Quick(ish) Bits on Youthful Loves #3: Shirley Manson
When I was a child, I had long, long red hair. Elderly women in grocery stores stopped me and fawned over it. I heard “I love your hair,” so often, but I hated it. Hated hated hated it. Who had red hair? I wanted to be blond. Blonde meant sexy and fun and wanted. I knew who Jessica Rabbit was, but that didn’t tell me anything about red hair’s relation to my own head, my own mind; every portrayal of a stereotypically sexy redhead just made me feel uglier. Further away from woman. Further away from worth. Not because I thought worth meant sexy, but because I looked at myself and felt nothing. Nothing but the wish for change.
When I was a teenager, a band came on the scene, perfectly manufactured but I didn’t know that then and it probably wouldn’t have mattered. They were called Garbage — apparently a reclamation of someone’s assertion that they “sounded like Garbage.” Their lead singer was a Scottish woman, whose voice mesmerized me. Fearless and strong, seductive and smoky. Never had a voice taken hold of my internal organs like that, shook them and filled them with something I simultaneously feared and needed more of. Her name was Shirley Manson, and she had red hair.
I wanted her and I wanted not to want her and I wanted to be her and I felt like I already was; a complicated relationship, to be sure. I thought that if I lined my eyes with thick black kohl and cast off my hideous school uniform and dressed the way I wanted to dress and moved the way I wanted to move — without hindrance, without any kind of metal assistance — I would uncover in myself something she had. What that voice did to me when I heard it — well, I didn’t know women could do that to me. She made me feel fierce, like I could be a Dominatrix if I wanted to (at fourteen, surrounded by goth boutiques and gay kink shops in pre-Katrina New Orleans, I was just learning what that word meant, and I liked it). She also made me feel like I could take orders from her, and that that would be amazing, liberating, right somehow. I toyed with these thoughts until they became too vivid, too much. I couldn’t look at them in my own handwriting, the way I’d been unafraid to record Christian Bale fantasies of yore. But she had red hair, and that, I never let myself forget.
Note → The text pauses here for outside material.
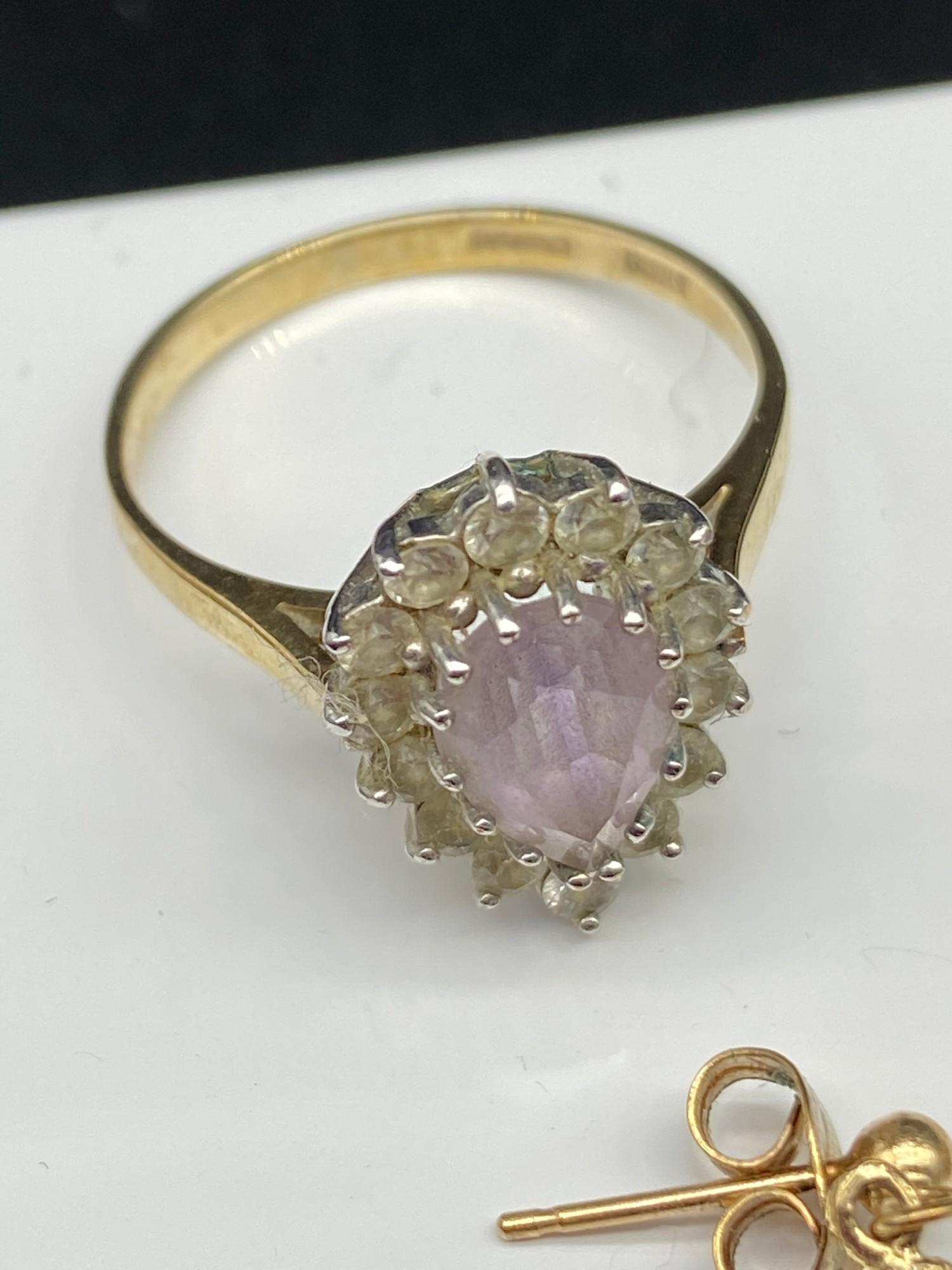 A 9ct gold ladies ring set with a pale purple tear drop stone surrounded by clear stones, Together - Image 3 of 4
My room was papered with pictures of her, suddenly, magazine covers triumphantly torn to decorate my walls and remind me what it could mean, what it NOW meant, to be a WOMAN WITH RED HAIR. Someone asked her about it in an interview, and I don’t remember the question, but she answered, without shame, “the pubic hair is really beautiful.” I didn’t even know people were allowed to say that! I didn’t think anyone could think it. At fourteen I had no basis for comparison, but I knew enough to know that it was rare and I was a freak. Beautiful?? Is it that easy? We can just say beautiful and allow it?
It’s taken a lifetime for me to figure out what allowing means. It’s not about someone else granting permission, though, something I had to accept when my ultimate self-acceptance icon did the unthinkable: she dyed her hair blonde. Not only that, but she spoke triumphantly about the bleaching process, just the way I might have if someone offered me the chance when I was a kid. “There will be no more red hairs in Shirley World,” she declared on her blog, and I ripped my posters from the wall, tears of betrayal soaking the paper.
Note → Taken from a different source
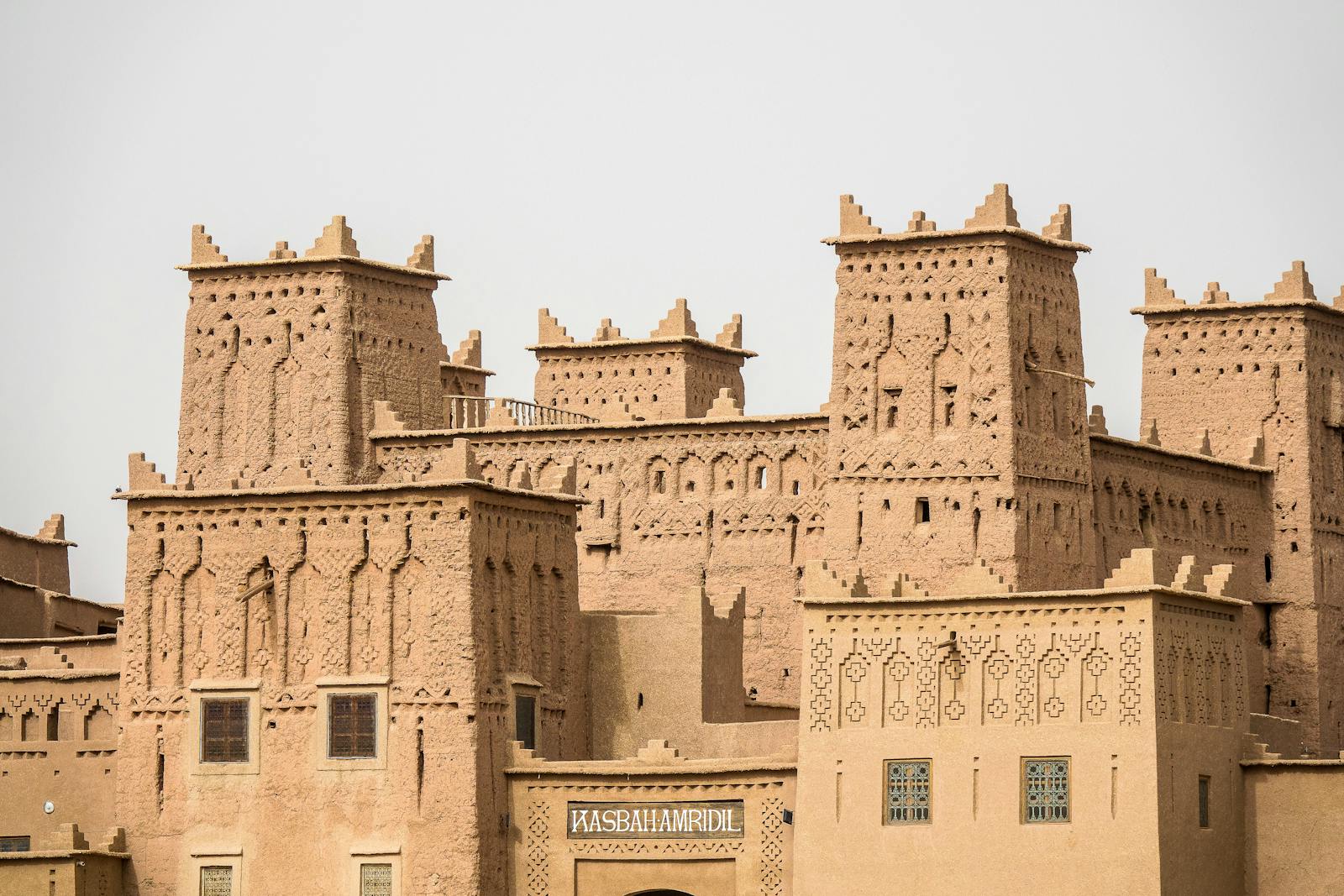 Experience the intricate designs of a traditional Moroccan kasbah under the sun, reflecting cultural heritage.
I understand now why people need change. It’s not fair to ask someone else to be something you need, and feel like your world’s been shaken when they take a step in another direction. Shirley never asked me to hate my hair or love my hair, to accept myself or not to. She simply got in the studio and unfurled that stones-wrapped-in-silk voice onto a few records. Whatever other people may inspire in us, they remain people. There are no untouchable symbols, there is no unchanging ideal. We’re all moving and unpredictable. That is, and should ever be, our right.